Böylece nefis istikrar bulur. Allah'tan gelen ve kendilerine isabet eden hayır ve şerle tatmin olur. Üzülerek hüzünlenmez nimetin yokluğunda...

Nimete ulaşınca da kibirlenmez. O, yoklukta da, varlıkta da istikrarlı olur. Hiçbir sebebi, olayı ve kurumu Allah'a ortak koşmaz. Tümü önceden taksim edilmiş kader ve belli bir süre içindirler.

"Sonuçta her şey Allah'a döner."

"De ki: "Allah'a karşı kim sizin için bir şeye güç yetirebilir? Şayet sizin için bir zarar veya fayda dilerse? Şüphesiz Allah, işlemekte olduklarınızdan haberdardır." (Fetih-11)

Bu, Allah'ın takdirine teslimiyeti ve duraksamaksızın O'nun emrine itaati ilham ettiren bir sorudur. Durmak, gecikmek, zararı defetmediği gibi iyiliği de geciktirmez.

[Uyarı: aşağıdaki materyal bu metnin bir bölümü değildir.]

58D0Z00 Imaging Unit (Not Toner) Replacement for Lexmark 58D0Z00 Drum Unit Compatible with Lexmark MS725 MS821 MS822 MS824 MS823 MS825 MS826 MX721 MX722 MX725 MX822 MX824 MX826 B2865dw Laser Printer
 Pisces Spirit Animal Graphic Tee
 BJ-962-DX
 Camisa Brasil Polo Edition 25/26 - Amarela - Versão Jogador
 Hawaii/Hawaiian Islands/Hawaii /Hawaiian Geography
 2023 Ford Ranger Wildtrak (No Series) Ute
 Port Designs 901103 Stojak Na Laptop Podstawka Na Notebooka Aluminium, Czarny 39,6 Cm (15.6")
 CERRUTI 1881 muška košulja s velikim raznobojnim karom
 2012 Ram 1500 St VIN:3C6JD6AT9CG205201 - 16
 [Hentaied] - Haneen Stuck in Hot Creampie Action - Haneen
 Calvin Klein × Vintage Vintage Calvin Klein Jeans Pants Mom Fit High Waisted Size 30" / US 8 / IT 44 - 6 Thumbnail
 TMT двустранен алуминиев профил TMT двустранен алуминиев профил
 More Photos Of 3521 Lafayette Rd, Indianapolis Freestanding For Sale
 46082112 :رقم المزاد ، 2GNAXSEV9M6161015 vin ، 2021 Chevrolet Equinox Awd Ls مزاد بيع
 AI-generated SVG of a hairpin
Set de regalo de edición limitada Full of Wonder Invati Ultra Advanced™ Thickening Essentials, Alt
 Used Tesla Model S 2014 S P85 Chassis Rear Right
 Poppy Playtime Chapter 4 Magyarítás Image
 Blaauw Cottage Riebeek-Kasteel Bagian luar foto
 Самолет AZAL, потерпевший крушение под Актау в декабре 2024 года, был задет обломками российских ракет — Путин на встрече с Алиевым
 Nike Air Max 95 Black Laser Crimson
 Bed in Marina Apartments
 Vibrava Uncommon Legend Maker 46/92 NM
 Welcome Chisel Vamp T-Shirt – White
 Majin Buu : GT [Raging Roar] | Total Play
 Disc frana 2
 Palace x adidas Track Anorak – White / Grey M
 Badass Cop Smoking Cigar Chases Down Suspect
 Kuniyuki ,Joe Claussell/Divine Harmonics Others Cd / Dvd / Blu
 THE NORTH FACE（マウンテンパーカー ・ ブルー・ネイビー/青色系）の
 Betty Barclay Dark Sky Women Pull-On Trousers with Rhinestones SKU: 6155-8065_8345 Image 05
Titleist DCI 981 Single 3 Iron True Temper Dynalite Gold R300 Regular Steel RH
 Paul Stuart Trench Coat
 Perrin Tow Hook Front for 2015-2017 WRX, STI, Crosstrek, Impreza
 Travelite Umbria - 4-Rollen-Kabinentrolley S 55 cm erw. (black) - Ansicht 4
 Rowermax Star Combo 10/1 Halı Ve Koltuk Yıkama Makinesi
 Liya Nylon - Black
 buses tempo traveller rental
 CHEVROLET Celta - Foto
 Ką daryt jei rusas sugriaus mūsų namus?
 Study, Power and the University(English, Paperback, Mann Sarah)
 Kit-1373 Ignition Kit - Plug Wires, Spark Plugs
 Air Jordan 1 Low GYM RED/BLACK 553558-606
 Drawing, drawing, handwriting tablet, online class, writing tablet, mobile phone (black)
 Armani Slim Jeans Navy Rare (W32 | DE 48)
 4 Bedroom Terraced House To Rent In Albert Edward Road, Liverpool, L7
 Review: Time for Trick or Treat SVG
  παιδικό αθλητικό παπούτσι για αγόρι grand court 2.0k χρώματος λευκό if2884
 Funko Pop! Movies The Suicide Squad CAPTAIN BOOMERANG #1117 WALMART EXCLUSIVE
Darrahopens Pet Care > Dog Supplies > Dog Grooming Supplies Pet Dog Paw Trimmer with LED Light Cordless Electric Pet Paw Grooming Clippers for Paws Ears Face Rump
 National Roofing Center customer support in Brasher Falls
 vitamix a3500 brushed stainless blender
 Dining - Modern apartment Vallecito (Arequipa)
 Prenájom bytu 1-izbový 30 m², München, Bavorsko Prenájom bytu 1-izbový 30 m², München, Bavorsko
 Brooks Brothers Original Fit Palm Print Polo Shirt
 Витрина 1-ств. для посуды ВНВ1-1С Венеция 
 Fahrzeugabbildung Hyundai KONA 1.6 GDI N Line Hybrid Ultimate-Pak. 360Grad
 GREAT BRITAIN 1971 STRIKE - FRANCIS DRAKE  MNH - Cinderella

Mazeretleri sıralamak Allah'ın ilmini gölgeleyemez.

Allah'ı birleyen beşer kalbi;

- O'ndan başkasına kullukta bulunmaz.

- O'ndan başkasının önünde eğilmez.

- Ondan başkasından bir şey istemez.

- Yarattıklarından birine dayanmaz.

- O'nun gözünde, yalnızca Allah güçlüdür; kullarının üzerinde kahredici güce sahiptir.

Kulların tümü onun yanında zayıf ve cılızdırlar.

Hiç kimse O'na bir zarar veya fayda dokunduramaz.

Onlardan birisinin yardımına ihtiyaç duymaz.

Onlar kendi nefislerine de bir fayda veya zarar dokunduramazlar.

Yüce Allah, dilediğini vermeye veya engellemeye kadirdir.

Kulların O'ndan başkasına yönelmeye ihtiyaçları yoktur. O, zengin, kullarıysa fakirdir.

Böylece tevhidin etkisi, davranış ve tasarrufla görüldüğü gibi, düşünce ve duygularda da kendini gösterir.

Hayat için tam, açık ve belirgin bir metod çizer. Tevhid, dille söylenen bir kelime olmaktan çıkar.

Bununla beraber, Allah'ın indirdiği kitabın sıkça tekrarladığı ve açıkça anlaşılmasına çalıştığı tevhid akidesinin, her zaman, her çağda ve herkes tarafından anlaşılması gerekmektedir.

Tevhid, bu kapsamlı ve geniş anlamıyla idrak edilmeyi gerektirir.